Ewing sarcoma is a fusion oncoprotein–driven primary bone tumor. A subset of patients (∼10%) with Ewing sarcoma are known to harbor germline variants in a growing number of genes involved in DNA damage repair. We recently reported our discovery of a germline mutation in the DNA damage repair protein BARD1 (BRCA1-associated RING domain-1) in a patient with Ewing sarcoma. BARD1 is recruited to the site of DNA double stranded breaks via the PARP protein and plays a critical role in DNA damage response pathways including homologous recombination. We thus questioned the impact of BARD1 loss on Ewing cell sensitivity to DNA damage and the Ewing sarcoma transcriptome. We demonstrate that PSaRC318 cells, a novel patient-derived cell line harboring a pathogenic BARD1 variant, are sensitive to PARP inhibition and by testing the effect of BARD1 depletion in additional Ewing sarcoma cell lines, we confirm that BARD1 loss enhances cell sensitivity to PARP inhibition plus radiation.
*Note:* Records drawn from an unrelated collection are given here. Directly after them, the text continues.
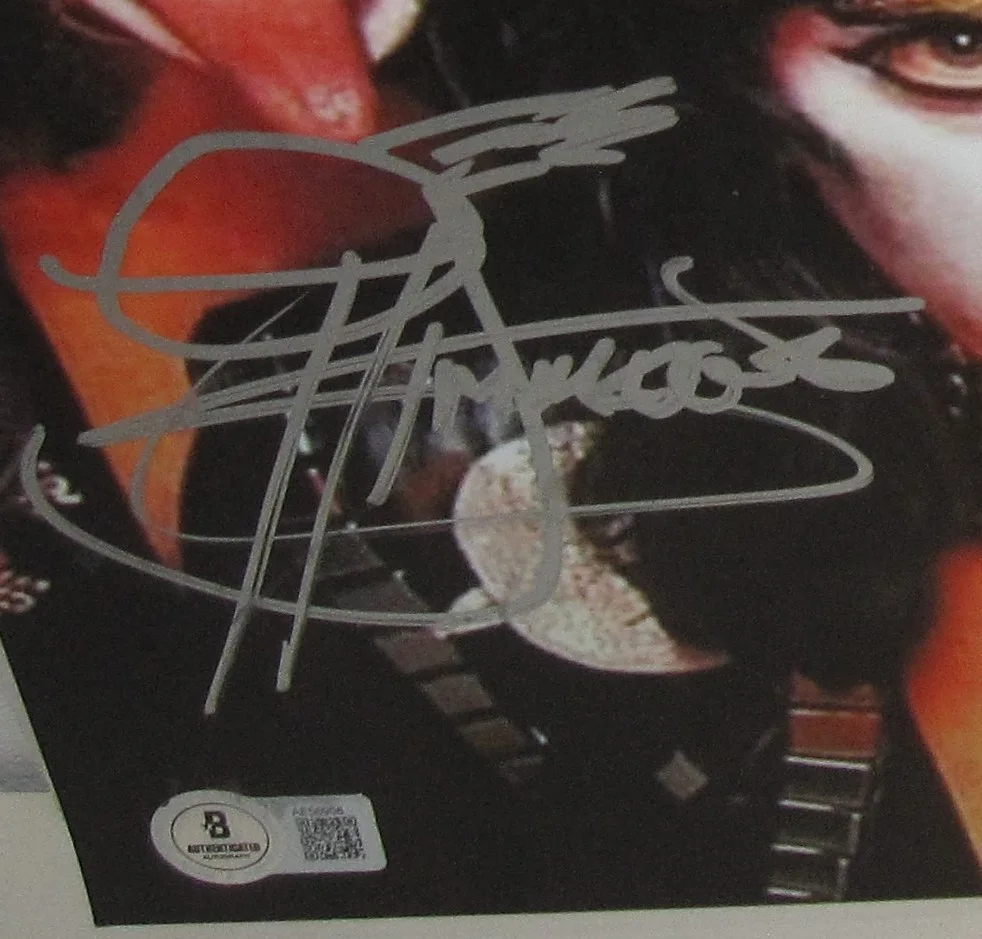 KISS SIGNED PHOTO GENE SIMMONS PAUL STANLEY CREATURES AUTOGRAPH BECKETT LOA X3, image 4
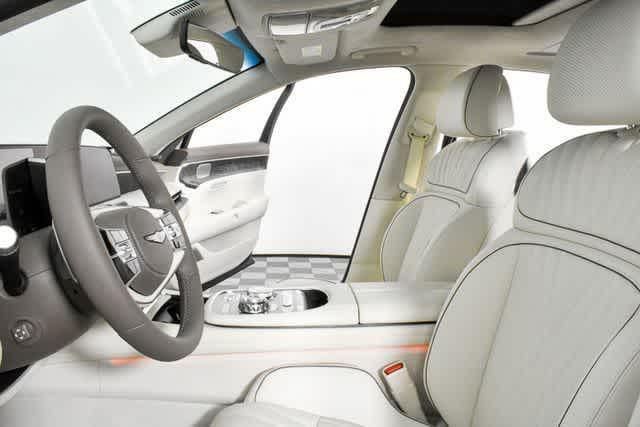 new 2025 Genesis G90 car, priced at $103,295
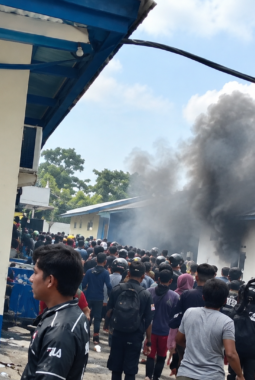 Viral Video Dapur SPPG di Lombok Dibakar Massa, Ini Fakta Sebenarnya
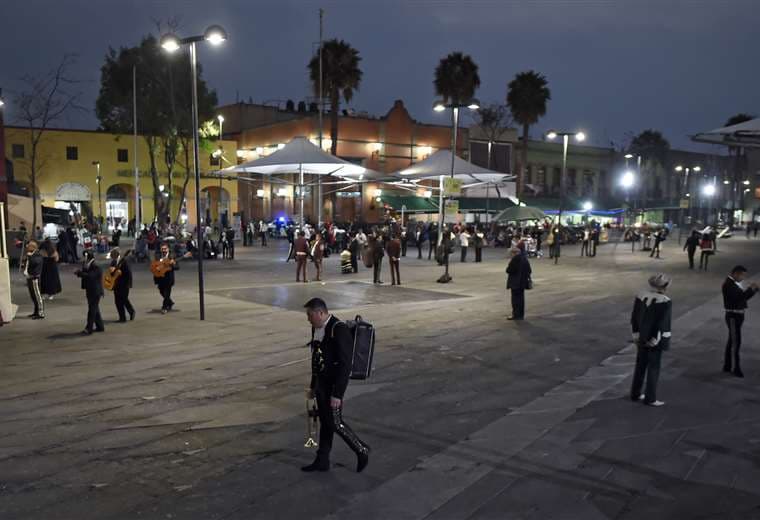 Poco trabajo para los mariachis en México a causa del coronavirus. Foto: AFP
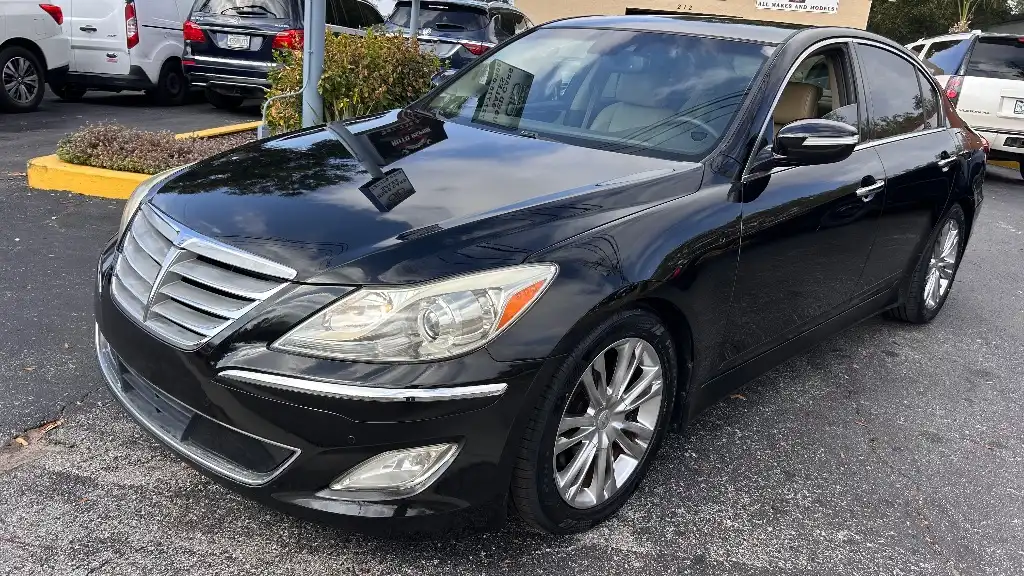 2012 Hyundai Genesis 3.8's photo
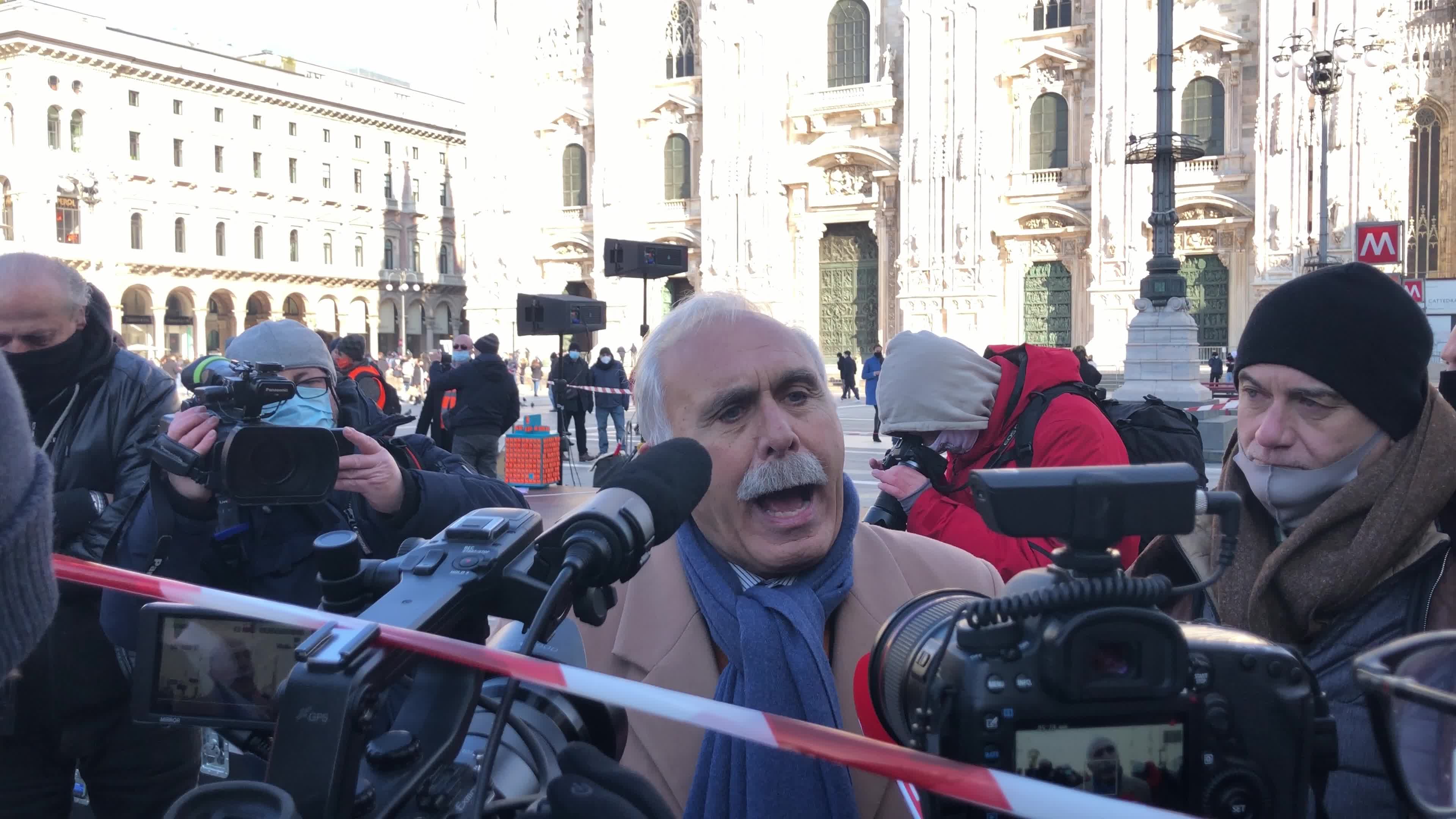 Gilet Arancioni protest against the restriction of Coronavirus Emergency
In addition, RNA-sequencing analysis revealed that loss of BARD1 results in the upregulation of GBP1 (guanylate-binding protein 1), a protein whose expression is associated with variable response to therapy depending on the adult carcinoma subtype examined. Here, we demonstrate that GBP1 contributes to the enhanced sensitivity of BARD1-deficient Ewing cells to DNA damage. Together, our findings demonstrate the impact of loss-of function mutations in DNA damage repair genes, such as BARD1, on Ewing sarcoma treatment response.

This work provides preclinical support for the inclusion of pediatric patients with advanced Ewing sarcoma and pathogenic germline variants in BARD1 in future clinical trials testing novel agents inducing DNA damage/targeting DNA damage repair.